This repository presents a wide range of different-purpose small examples using the gdal-python bindings (both gdal and ogr). It uses a fair amount of numpy as well, along with other third party packages such as pandas.
The programs presented in this repository were developed using Python 3.6.5 and the following packages versions:
gdalversion: 2.3.3numpyversion: 1.14.3pandasversion: 0.24.2
All the snippets in this repository use open data. Here is a table with the description of each dataset used* and its sources:
| Dataset | Description | Type | Extension | Source |
|---|---|---|---|---|
| COL_msk_alt | Elevation for Colombia (country mask) | Raster | .vrt | DIVA_GIS |
| wc2.0_10m_prec_01 | Average January global precipitation from 1970 to 2000. | Raster | .tif | WorldClim |
| COL_rails | Colombian railroads | Vector | .shp | DIVA_GIS |
| ne_110m_admin_0_countries | Administrative boundaries (countries) of the world. | Vector | .shp | Natural Earth |
*I do not own any of the datasets here presented.
Here is a brief explanation for each snippet:
Saves a shapefile's attribute table to a given csv file using ogr and pandas. The program iterates through each feature in the shapefile and then iterates through each one of its fields, storing the values in a DataFrame. The DataFrame is then converted to a csv file.
Computes proximity (euclidean distance) in pixels from each cell to a target value using the gdal.ComputeProximity() function. The input raster is the output from rasterize.
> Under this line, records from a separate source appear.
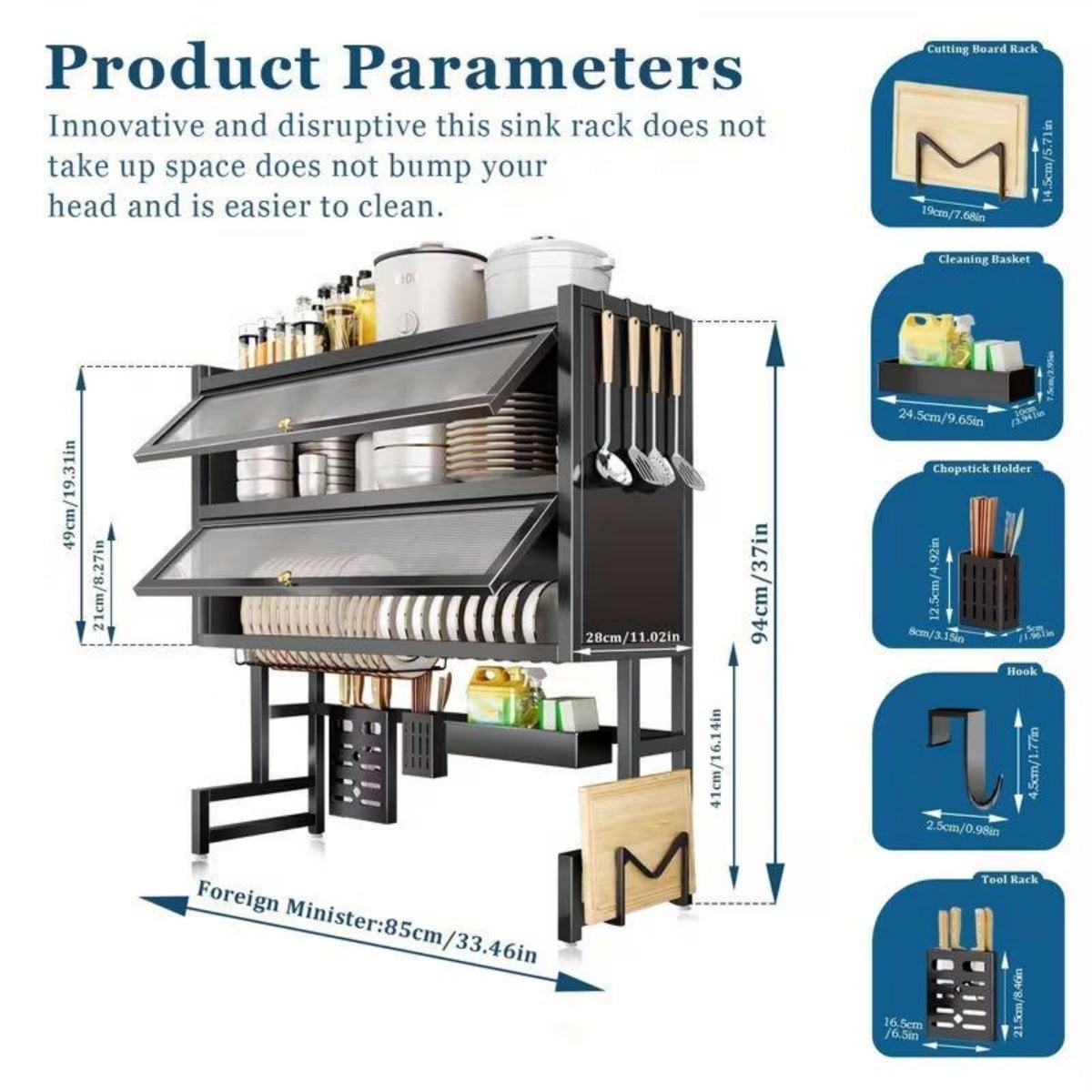 4-Tier Over the Sink Dish Drying Rack with Cover, 33.5" Large Dish Rack with Storage Basket, Knife & Cutting Board Holders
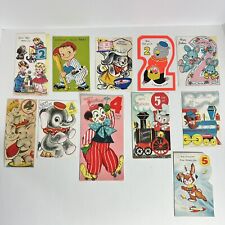Lot of 11 Vintage Children's Age Birthday Cards w/ Animals MCM 50s 60s picture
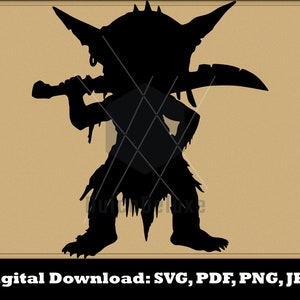 Goblin SVG - Dungeons and Dragons Creature mitiche Mostri Bestie Silhouette Clipart Vector Pathfinder RPG Mitologia greca DnD da tavolo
Computes the euclidean distance (in pixels) from each cell to a target value. Similar to compute_proximity but instead of using gdal's built-in function an own implementation of the distance computation is presented. In this case, the target values are the rasterized lines produced in rasterize. This snippet uses numpy to vectorize the distance computation (following Pythagoras' theorem). It creates a distance matrix to each target value (i.e. each value different from NoData). Then, the minimum distance value for each cell is retrieved and a single distance matrix is returned.
Extracts an arbitrary percentage (5% in this case) of the lowest cell values in the raster.
Loops through each field in a shapefile and prints information about them.
Creates two grids with the corresponding x and y coordinates of each pixel center in a raster.
Gets an array of pixel values correspondent to a set of points within a raster's extent. Points are presented as a tuple of 1D arrays with x and y coordinates. It converts coordinates to array indices and retrieve the values by indexing the data array.
7. raster_up_sample*
Resamples (up-samples) a raster to a higher resolution. In order to do this it reads the original GeoTransform and changes the pixel width and pixel height to be proportionally smaller. Then it reads the data from the original dataset specifying buf_xsize and buf_ysize so the array where the data is going to be stored fits the new dimensions. When specifying a bigger buffer than the original raster dimensions in the ReadAsArray() method, original values are repeated to fit the new dimensions.
*This snippet was slightly adapted from one example presented by Chris Garrard in Geoprocessing with Python's 9th chapter.
8. rasterize
Rasterizes a shapefile. It uses ogr to open a shapefile and get its extent. Then it creates an empty raster with the same extent as the shapefile and an arbitrary value for the pixel resolution. It uses the gdal.RasterizeLayer() function to burn the raster´s band (i.e. first and only band) with a 1 where the shapefile presents a feature. The rest is set as NoData.